Anyhoo, Monday night was the series premiere of Jason Alexander's new show, Listen Up. I haven't found one critic who liked the series, and the favorite reason is that Alexander can't possibly do justice to Tony Kornheiser, the Washington Post and ESPN personality his character is based upon. And you know what? I've never seen Kornheiser in action. I have no idea what he's like. Probably never will. This is the same deal Dave's World had back in the '90's. Harry Anderson was supposed to be playing Dave Barry, the syndicated humor columnist. I doubt very much Anderson or the series captured Barry very well, as the series was more about the typical family sitcom experience than the kinds of things Barry regularly writes about.

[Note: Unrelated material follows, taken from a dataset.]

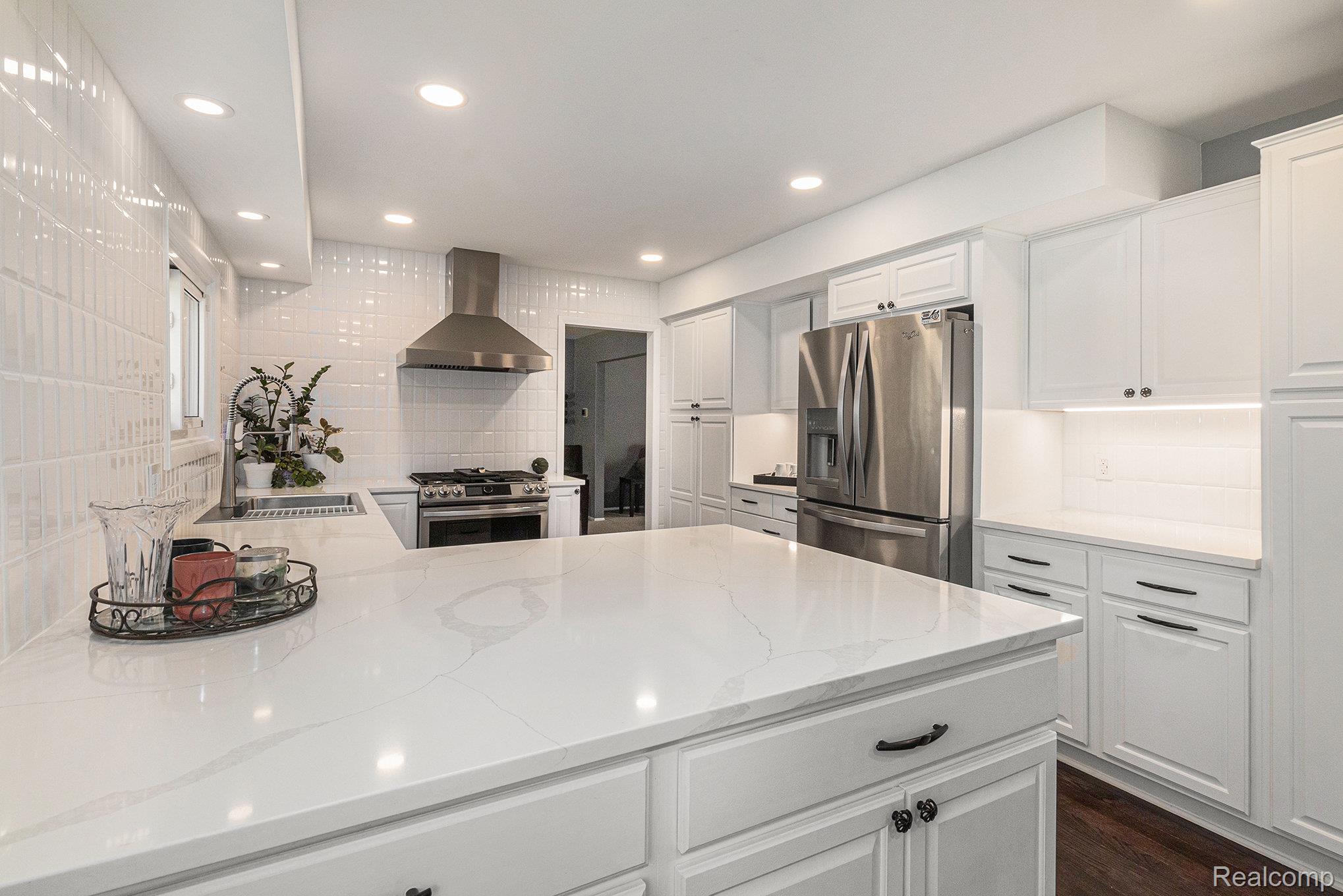 Bloomfield Charter Township, Michigan 48304, United States, 4 Bedrooms Bedrooms, ,3 BathroomsBathrooms,Residential,Pending,237182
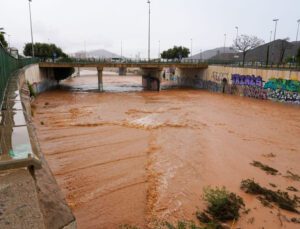 İspanya’da sel felaketi: Okullar tatil edildi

Yet I wouldn't have traded that series for the world. For one thing, it introduced us to Patrick Warburton.
Listen Up doesn't have a Patrick Warburton, at least not yet. The series focuses around Alexander as a family man whose daughter, as the pilot revolves around, is mortified by her father. Daniella Monet, as that daughter, was called upon to play second billing. She's not a comic find, but she does play the part well. Jason, meanwhile, is more in Bob Patterson mode than George Costanza, and what this means to me is that he's trying for just a bit more nuance in his performance. As my only reference into the Patterson mindset, that series' final episode placed Alexander into what amounted to a theater exchange, the very opposite of anything George would have ever done. This series seems to be taking the same approach. Most of the interaction Tony Kleinman (not to be confused with Kornheiser) has with his talk show cohost Malcolm Jamal-Warner centers around the kind of two-person, sitdown banter I remember from that Patterson exchange. They are not hamming it up. Well, they do when they get to scenes involving the actual talk show, but not to Costanza levels. But that's besides the point. You've got to imagine people would be watching that show for a reason, and most of the time these days it's because the host or hosts are bombastic spazzes.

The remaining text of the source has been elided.